Exercise requirements
Up to and including the line with "Hotel Krabi Resort Krabi: Photo", return every line from the start of the entries below exactly.

Brief descriptive captions
------------------------------

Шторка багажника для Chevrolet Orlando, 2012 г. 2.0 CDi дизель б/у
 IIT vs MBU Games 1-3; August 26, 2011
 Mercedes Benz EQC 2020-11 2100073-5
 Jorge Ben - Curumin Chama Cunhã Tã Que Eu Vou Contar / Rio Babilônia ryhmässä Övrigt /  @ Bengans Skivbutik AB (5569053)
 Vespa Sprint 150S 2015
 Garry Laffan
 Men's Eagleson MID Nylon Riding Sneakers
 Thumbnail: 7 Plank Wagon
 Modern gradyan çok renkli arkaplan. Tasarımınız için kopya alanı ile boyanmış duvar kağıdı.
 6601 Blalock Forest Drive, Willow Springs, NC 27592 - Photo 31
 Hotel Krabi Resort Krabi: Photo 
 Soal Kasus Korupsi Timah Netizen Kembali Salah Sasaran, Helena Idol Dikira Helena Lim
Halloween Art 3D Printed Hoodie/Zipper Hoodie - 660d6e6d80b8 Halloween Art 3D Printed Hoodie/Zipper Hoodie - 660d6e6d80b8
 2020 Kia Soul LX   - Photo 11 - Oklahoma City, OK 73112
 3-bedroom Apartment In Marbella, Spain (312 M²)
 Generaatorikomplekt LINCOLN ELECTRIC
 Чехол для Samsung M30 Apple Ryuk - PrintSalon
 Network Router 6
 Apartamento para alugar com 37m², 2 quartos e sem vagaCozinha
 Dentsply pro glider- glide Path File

------------------------------

Task response
Шторка багажника для Chevrolet Orlando, 2012 г. 2.0 CDi дизель б/у
 IIT vs MBU Games 1-3; August 26, 2011
 Mercedes Benz EQC 2020-11 2100073-5
 Jorge Ben - Curumin Chama Cunhã Tã Que Eu Vou Contar / Rio Babilônia ryhmässä Övrigt /  @ Bengans Skivbutik AB (5569053)
 Vespa Sprint 150S 2015
 Garry Laffan
 Men's Eagleson MID Nylon Riding Sneakers
 Thumbnail: 7 Plank Wagon
 Modern gradyan çok renkli arkaplan. Tasarımınız için kopya alanı ile boyanmış duvar kağıdı.
 6601 Blalock Forest Drive, Willow Springs, NC 27592 - Photo 31
 Hotel Krabi Resort Krabi: Photo 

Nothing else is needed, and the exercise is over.